*** Records for processing ***

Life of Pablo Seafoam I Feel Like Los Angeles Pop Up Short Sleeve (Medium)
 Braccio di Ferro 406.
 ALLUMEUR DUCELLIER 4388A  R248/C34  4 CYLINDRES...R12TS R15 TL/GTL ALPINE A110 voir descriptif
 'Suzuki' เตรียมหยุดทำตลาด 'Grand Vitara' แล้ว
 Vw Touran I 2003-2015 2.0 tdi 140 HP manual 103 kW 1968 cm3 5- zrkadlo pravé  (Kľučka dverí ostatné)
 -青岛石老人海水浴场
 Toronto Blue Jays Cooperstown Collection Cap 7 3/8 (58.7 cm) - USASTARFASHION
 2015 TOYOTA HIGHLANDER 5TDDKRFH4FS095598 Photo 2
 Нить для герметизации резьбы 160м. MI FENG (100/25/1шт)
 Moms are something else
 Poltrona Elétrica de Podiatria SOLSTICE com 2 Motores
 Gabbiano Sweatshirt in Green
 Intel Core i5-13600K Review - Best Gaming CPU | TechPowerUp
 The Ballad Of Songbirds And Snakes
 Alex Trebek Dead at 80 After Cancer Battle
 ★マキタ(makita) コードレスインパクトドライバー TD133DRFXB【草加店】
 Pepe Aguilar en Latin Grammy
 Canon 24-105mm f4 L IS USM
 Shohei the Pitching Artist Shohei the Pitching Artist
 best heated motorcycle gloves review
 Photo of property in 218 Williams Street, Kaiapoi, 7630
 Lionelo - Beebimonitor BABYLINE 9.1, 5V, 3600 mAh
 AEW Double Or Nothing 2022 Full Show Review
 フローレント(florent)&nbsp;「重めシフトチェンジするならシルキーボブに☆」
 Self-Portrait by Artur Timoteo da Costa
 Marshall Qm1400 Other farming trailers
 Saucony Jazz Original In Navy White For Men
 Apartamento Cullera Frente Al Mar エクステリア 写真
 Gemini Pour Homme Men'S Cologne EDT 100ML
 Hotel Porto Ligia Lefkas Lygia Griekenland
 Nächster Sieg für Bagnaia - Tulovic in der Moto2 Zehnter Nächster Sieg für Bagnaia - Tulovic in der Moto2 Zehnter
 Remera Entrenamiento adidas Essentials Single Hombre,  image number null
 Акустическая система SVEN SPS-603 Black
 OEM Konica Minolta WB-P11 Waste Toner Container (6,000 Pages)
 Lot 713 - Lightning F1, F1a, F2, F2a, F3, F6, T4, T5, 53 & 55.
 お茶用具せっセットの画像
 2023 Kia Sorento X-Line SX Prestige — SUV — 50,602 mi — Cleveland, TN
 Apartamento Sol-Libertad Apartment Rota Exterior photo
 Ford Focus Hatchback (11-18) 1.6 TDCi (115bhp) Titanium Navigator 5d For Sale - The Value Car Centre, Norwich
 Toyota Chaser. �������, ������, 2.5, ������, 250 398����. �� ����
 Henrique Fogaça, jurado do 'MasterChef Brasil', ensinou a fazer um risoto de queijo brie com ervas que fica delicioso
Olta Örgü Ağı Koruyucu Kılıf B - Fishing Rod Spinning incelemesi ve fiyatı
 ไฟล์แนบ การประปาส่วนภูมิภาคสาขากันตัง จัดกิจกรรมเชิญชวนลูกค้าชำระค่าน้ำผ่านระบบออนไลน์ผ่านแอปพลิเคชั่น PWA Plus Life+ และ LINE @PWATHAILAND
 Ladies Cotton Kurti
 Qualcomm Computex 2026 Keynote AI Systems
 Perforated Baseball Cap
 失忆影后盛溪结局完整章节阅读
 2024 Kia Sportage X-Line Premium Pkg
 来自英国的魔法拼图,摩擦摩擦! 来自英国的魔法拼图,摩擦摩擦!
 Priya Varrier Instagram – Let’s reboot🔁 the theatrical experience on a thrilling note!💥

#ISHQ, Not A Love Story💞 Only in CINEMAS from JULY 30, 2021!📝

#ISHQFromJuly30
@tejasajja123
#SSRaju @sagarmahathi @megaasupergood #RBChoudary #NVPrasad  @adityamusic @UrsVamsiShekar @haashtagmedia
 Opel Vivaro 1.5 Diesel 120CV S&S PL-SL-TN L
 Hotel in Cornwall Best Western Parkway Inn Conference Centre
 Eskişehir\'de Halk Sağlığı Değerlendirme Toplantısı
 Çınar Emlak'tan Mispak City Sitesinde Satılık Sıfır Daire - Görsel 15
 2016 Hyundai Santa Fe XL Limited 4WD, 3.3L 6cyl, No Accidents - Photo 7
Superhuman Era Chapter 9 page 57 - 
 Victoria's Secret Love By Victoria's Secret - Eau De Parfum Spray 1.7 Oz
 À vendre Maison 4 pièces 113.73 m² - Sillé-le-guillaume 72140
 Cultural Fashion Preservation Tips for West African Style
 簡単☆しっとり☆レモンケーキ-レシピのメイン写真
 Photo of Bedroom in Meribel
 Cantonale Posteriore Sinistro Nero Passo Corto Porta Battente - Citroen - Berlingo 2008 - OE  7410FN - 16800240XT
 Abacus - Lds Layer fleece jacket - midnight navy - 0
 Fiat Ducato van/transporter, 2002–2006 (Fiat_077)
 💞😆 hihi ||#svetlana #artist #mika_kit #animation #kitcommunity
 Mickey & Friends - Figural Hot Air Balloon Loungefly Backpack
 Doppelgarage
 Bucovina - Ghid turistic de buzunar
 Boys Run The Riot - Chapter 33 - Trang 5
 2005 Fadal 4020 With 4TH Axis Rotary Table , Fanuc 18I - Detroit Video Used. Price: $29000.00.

***

**About this task**
Using the entries above, return exactly the lines from the line with "Priya Varrier Instagram" to the line with "Opel Vivaro 1.5 Diesel 120CV S&S PL-SL-TN L", counting both of those lines.

**Solution to this exercise**
 Priya Varrier Instagram – Let’s reboot🔁 the theatrical experience on a thrilling note!💥

#ISHQ, Not A Love Story💞 Only in CINEMAS from JULY 30, 2021!📝

#ISHQFromJuly30
@tejasajja123
#SSRaju @sagarmahathi @megaasupergood #RBChoudary #NVPrasad  @adityamusic @UrsVamsiShekar @haashtagmedia
 Opel Vivaro 1.5 Diesel 120CV S&S PL-SL-TN L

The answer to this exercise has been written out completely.